@ethereum is the World Computer; born a rudimentary number cruncher, on a journey to (inevitably) becoming the dominant global settlement layer. And soon, Ethereum will outgrow the Merkle tree.
Tomorrow's solution: Verkle Trees
(2/25) We begin with a hash function, which transforms an arbitrary dataset into a unique, fixed-length string. A good hash function is irreversible and creates outputs that are indistinguishable from random data.
Think of a hash like a serial number for data of any kind/size.
(3/25) Merkle Trees are made by successive rounds of hashing.
All the data begins on the bottom row (leaf nodes). Then they are grouped together and fed into a hash function. These hashes are grouped (same size) and hashed again, continuing until there is a single (root) node.
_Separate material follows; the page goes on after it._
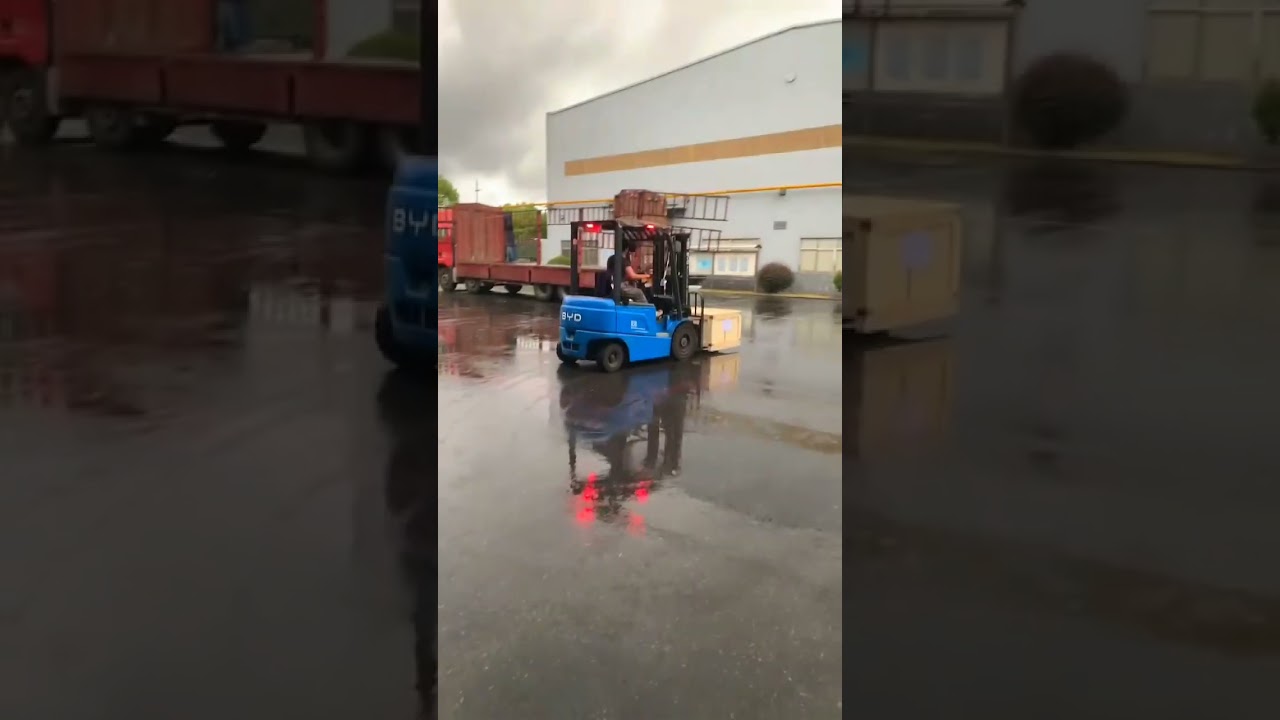 "Rainy Day Shipment | High Chrome Wear Parts Shipped from China to Russia On Time"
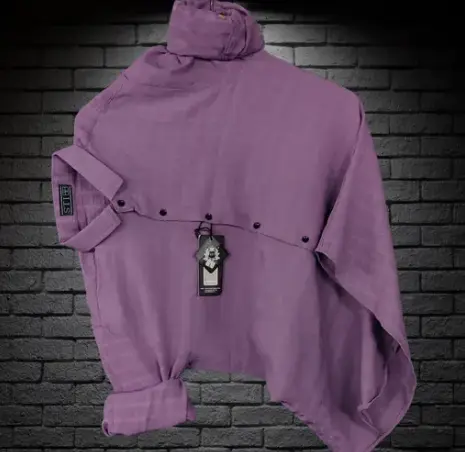 ZT2 Men’s Trendy Long Sleeve Shirt Premium Feel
(4/25) The purpose a Merkle tree is enable Merkle proofs, which allow verification that a piece of data exists in the underlying dataset (leaf nodes) without transmitting the entire dataset.
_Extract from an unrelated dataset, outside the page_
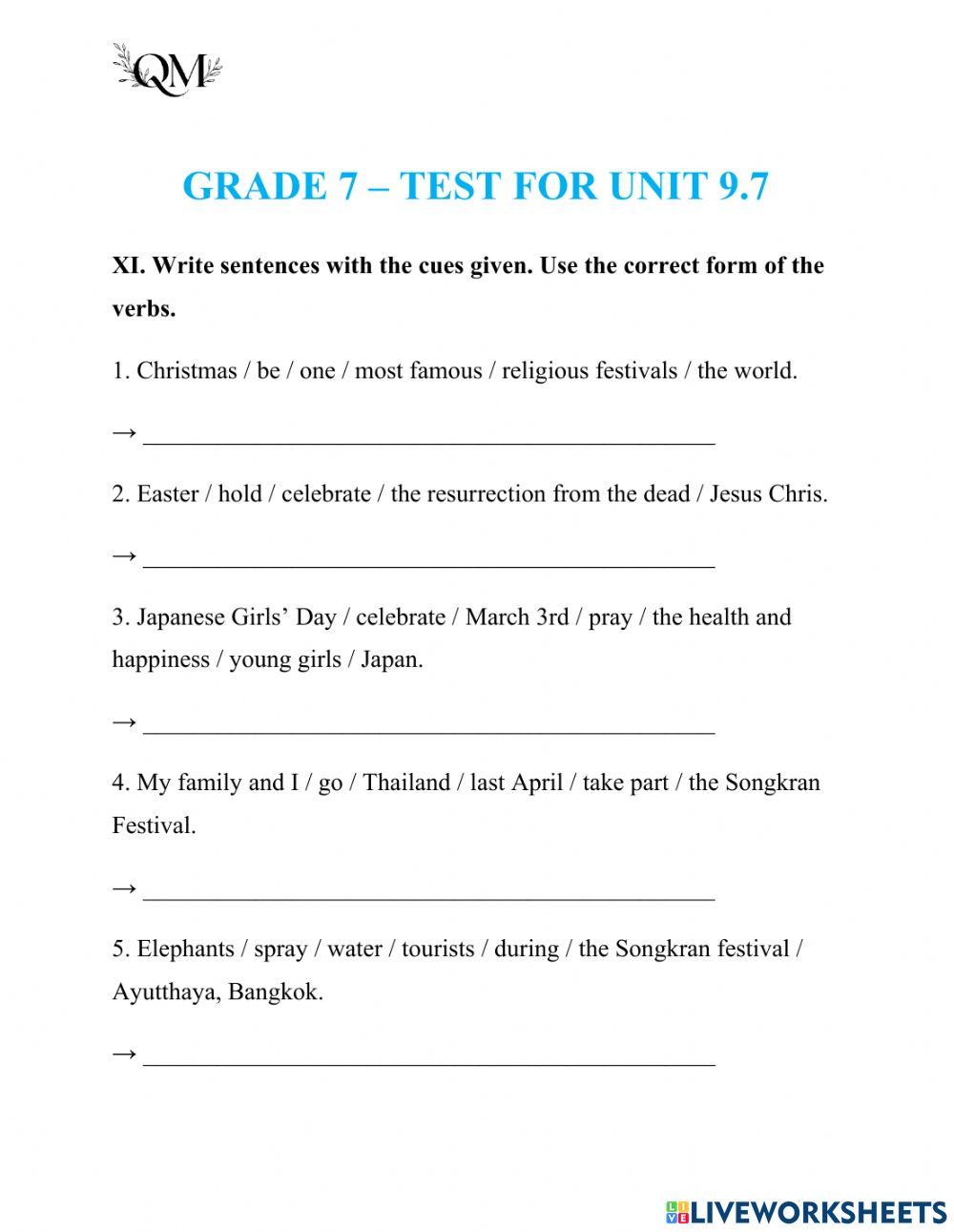 L7-MLH- Test for U9.7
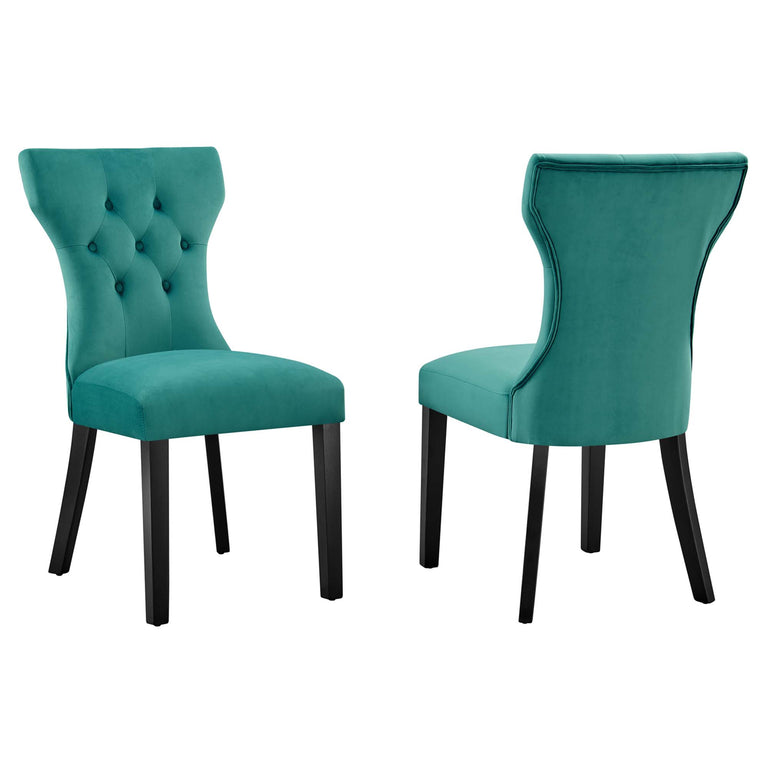 SILHOUETTE DINING CHAIRS | BAR AND DINING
This has profound implications for both privacy and bandwidth requirements.
(5/25) The privacy aspects aren't useful for this discussion, but they are worth nothing.
Merkle proofs can verify a piece of data without having to articulate the entire dataset. You do need component pieces of the Merkle tree, but these are just (non-sensitive) hashes.
(6/25) We are here for the bandwidth implications.
Let's say you want to post a ton of data. No one is interested in all the data, and every one has access to Merkle proofs generation (big assumption).
Instead of posting the entire dataset, you can just post the Merkle root.
(7/25) Don't get me wrong, a Merkle proof is significantly more efficient than naïve approach... but it has its limits.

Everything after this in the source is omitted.